Las preguntas anteriores quisiera hacerlas en un contexto más amplio que el nacional. En estos días, en que se observa con preocupación cómo en varios países del orbe los valores de la democracia se pierden y los discursos demócratas pierden las elecciones, es preciso preguntarnos qué hemos hecho mal y sobre todo qué hacer. De los discursos misóginos y racistas que llegan al poder en la Casa Blanca a los enfoques aislacionistas y xenófobos avanzando en partidos ultra nacionalistas en Europa; del desmantelamiento de las instituciones de representación política en una nación de Sudamérica a la violación de derechos fundamentales por parte de poderes formales y fácticos que todavía encontramos en nuestro continente, pareciera que el espíritu democrático que inundó el mundo con la tercera ola hubiera sucumbido más bien pronto ante posiciones cada vez más intolerantes y cada vez más absolutas.
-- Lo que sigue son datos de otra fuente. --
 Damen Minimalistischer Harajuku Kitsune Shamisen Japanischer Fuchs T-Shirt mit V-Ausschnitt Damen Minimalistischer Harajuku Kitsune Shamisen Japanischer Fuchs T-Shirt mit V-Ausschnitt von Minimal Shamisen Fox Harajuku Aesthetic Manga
Mucho se ha escrito de que la democracia en todo el mundo está resintiendo el incumplimiento de sus sobre expectativas. Es evidente que la culpa no es del concepto en sí, sino de quienes sobredimensionaron los alcances del procedimiento de toma de decisiones (democracia formal) e, incluso, de la forma de garantizar el ejercicio de los derechos fundamentales (democracia sustancial). Pero no solo de ese discurso viene el descrédito del sistema, sino también de quienes, con su discurso, buscaron minar los valores democráticos para regresar a modelos autoritarios asumiendo que eran eficaces o para imponer su visión del mundo a quienes pensaban diferente o consideraban desiguales. La realidad es que los problemas de cada generación no se pueden enfrentar regresando a respuestas eficaces del pasado, cuando el contexto social ha cambiado.
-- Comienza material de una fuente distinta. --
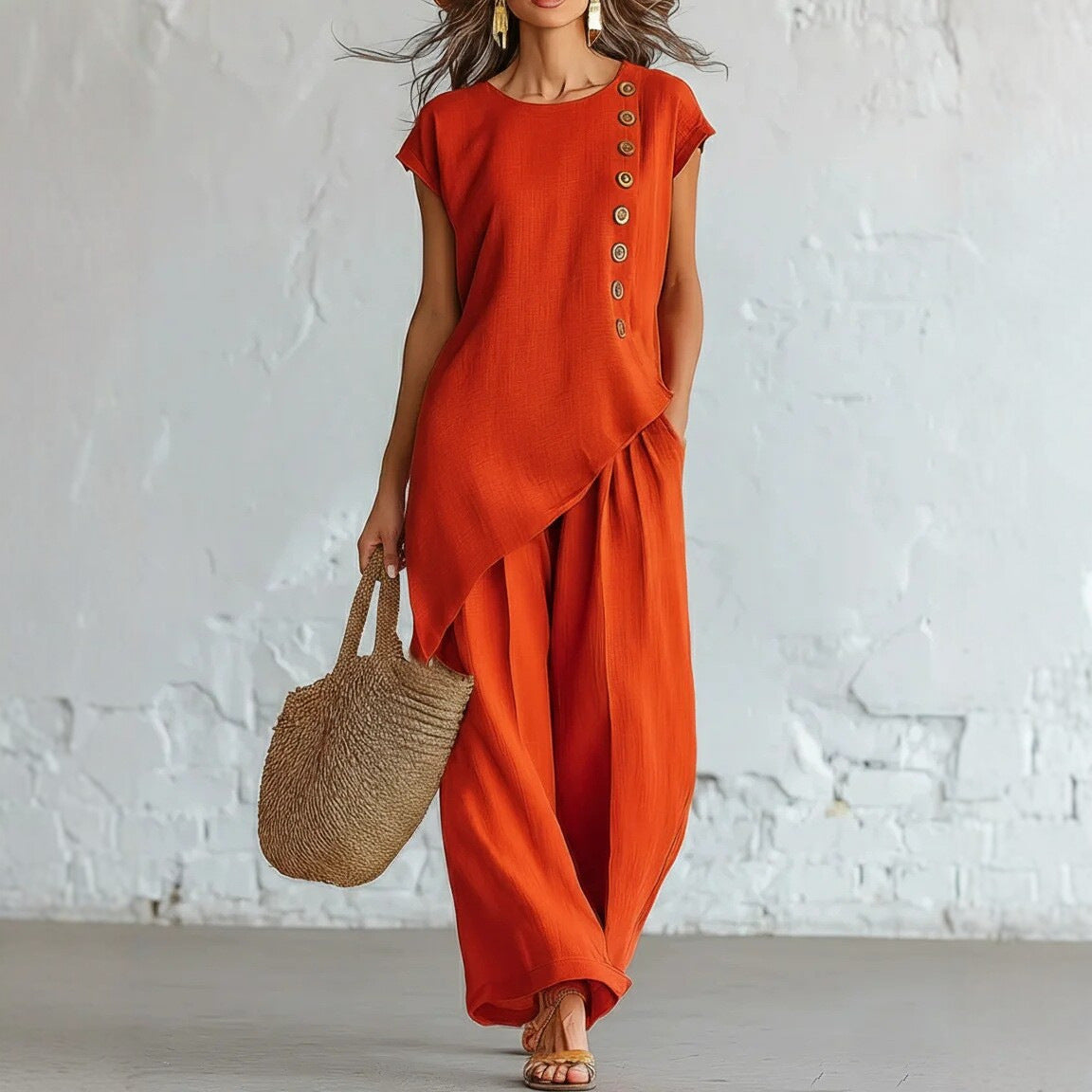 Woman wearing an orange dress with a white brick wall background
La democracia enfrenta problemas. Hay que reconocerlo. Pero cualquiera que haya sido la causa de los problemas actuales de la democracia: las crisis económicas, el desgaste del ejercicio del poder, la crisis de legitimidad de los partidos políticos, el incremento de la violencia, es claro que la salida no puede estar en destruir los pilares sobre los que descansa el sistema democrático: las reglas formales, y, por tanto, institucionales; y, por otro lado, la defensa irrestricta real, no solo en discurso, de los derechos humanos.
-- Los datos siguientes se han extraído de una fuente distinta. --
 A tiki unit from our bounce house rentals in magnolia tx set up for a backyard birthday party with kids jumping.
En ese sentido, la democracia implica un tipo de compromiso con la institucionalidad. Para que sea a través de los canales institucionales como se resuelvan los diferendos, propios del sistema. Sin embargo, es claro que para que ello ocurra, para que exista ese compromiso democrático por la institucionalidad, las instituciones deben contar con legitimidad social, la cual se obtiene únicamente cuando cumplen con los fines para lo que fueron creadas. Si queremos fortalecer a las instituciones, debemos hacer que cumplan con su función constitucional. No nos equivoquemos: el camino a la democracia está en la Constitución. Hagamos todas y todos lo que dicho texto dice y evitemos problemas. En el caso de la FEPADE, prevenir, perseguir e investigar delitos electorales, con imparcialidad, sin filias ni fobias.